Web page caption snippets
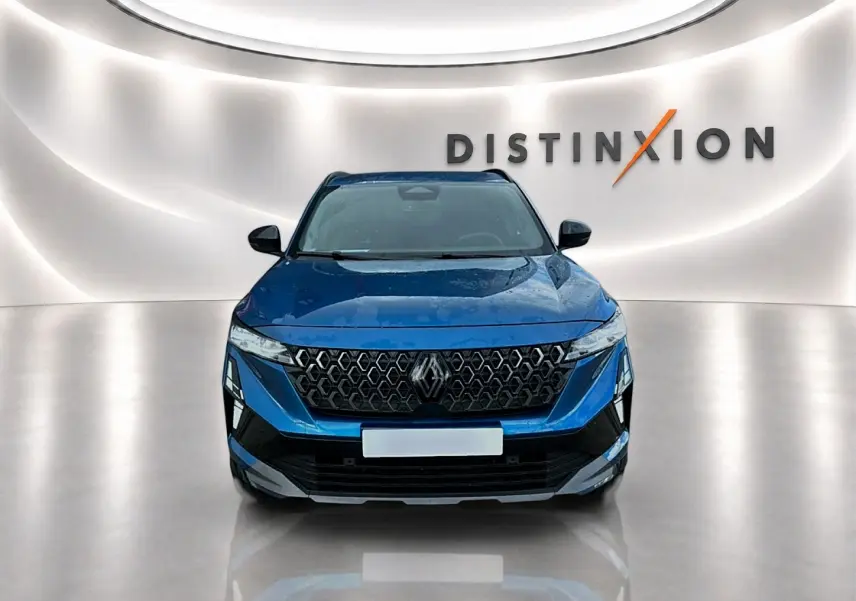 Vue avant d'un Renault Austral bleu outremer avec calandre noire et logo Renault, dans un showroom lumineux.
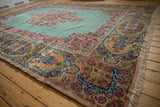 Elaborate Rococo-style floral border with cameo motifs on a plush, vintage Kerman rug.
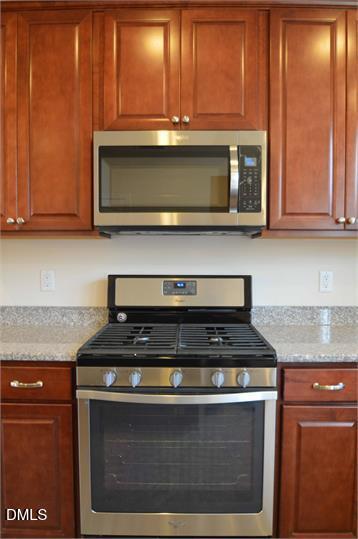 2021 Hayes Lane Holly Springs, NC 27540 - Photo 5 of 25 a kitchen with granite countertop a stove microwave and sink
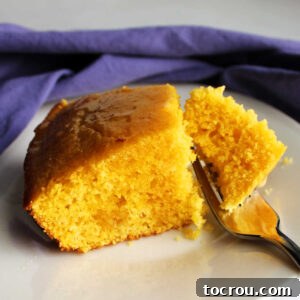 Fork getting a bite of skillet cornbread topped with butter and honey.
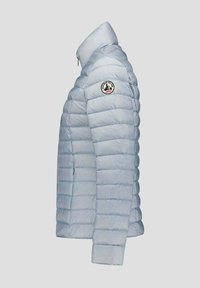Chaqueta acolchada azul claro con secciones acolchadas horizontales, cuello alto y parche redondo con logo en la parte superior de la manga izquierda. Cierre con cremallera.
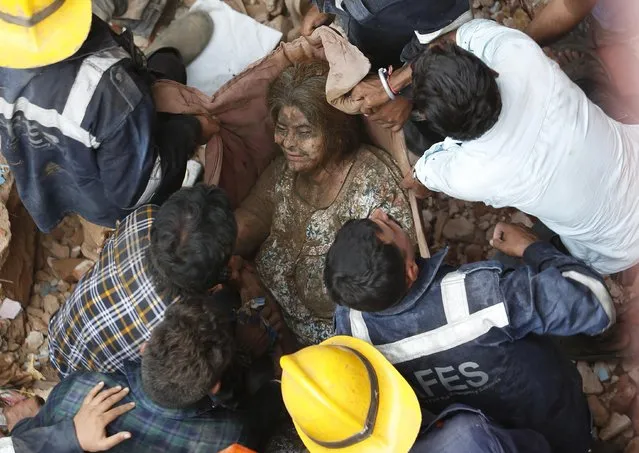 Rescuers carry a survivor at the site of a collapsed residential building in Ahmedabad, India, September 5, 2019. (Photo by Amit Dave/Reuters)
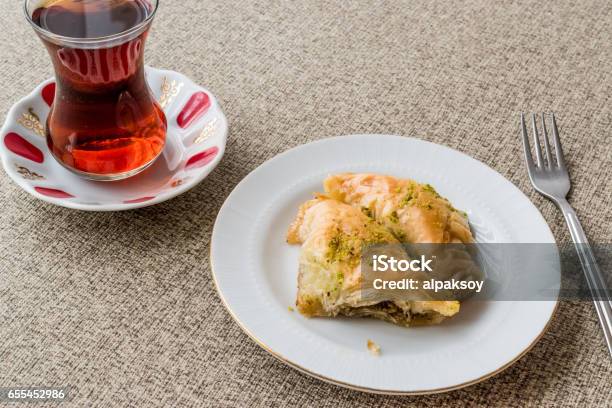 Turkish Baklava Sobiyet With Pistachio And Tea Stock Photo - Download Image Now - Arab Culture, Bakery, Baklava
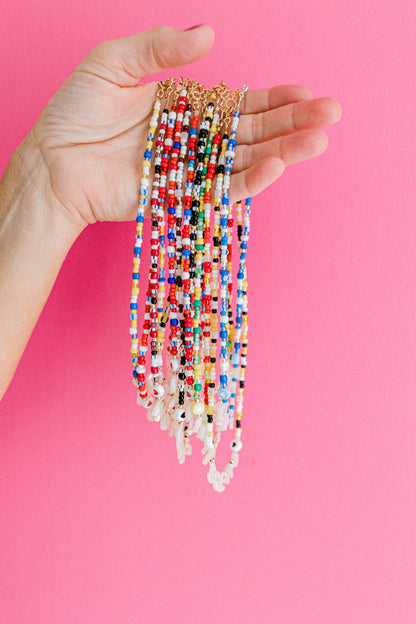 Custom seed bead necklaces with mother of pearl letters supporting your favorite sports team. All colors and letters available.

Prompt ->
The data above should be set down again exactly, with the pictures omitted.

Completed exercise ->
 Vue avant d'un Renault Austral bleu outremer avec calandre noire et logo Renault, dans un showroom lumineux.
 Elaborate Rococo-style floral border with cameo motifs on a plush, vintage Kerman rug.
 2021 Hayes Lane Holly Springs, NC 27540 - Photo 5 of 25 a kitchen with granite countertop a stove microwave and sink
 Fork getting a bite of skillet cornbread topped with butter and honey.
Chaqueta acolchada azul claro con secciones acolchadas horizontales, cuello alto y parche redondo con logo en la parte superior de la manga izquierda. Cierre con cremallera.
 Rescuers carry a survivor at the site of a collapsed residential building in Ahmedabad, India, September 5, 2019. (Photo by Amit Dave/Reuters)
 Turkish Baklava Sobiyet With Pistachio And Tea Stock Photo - Download Image Now - Arab Culture, Bakery, Baklava
 Custom seed bead necklaces with mother of pearl letters supporting your favorite sports team. All colors and letters available.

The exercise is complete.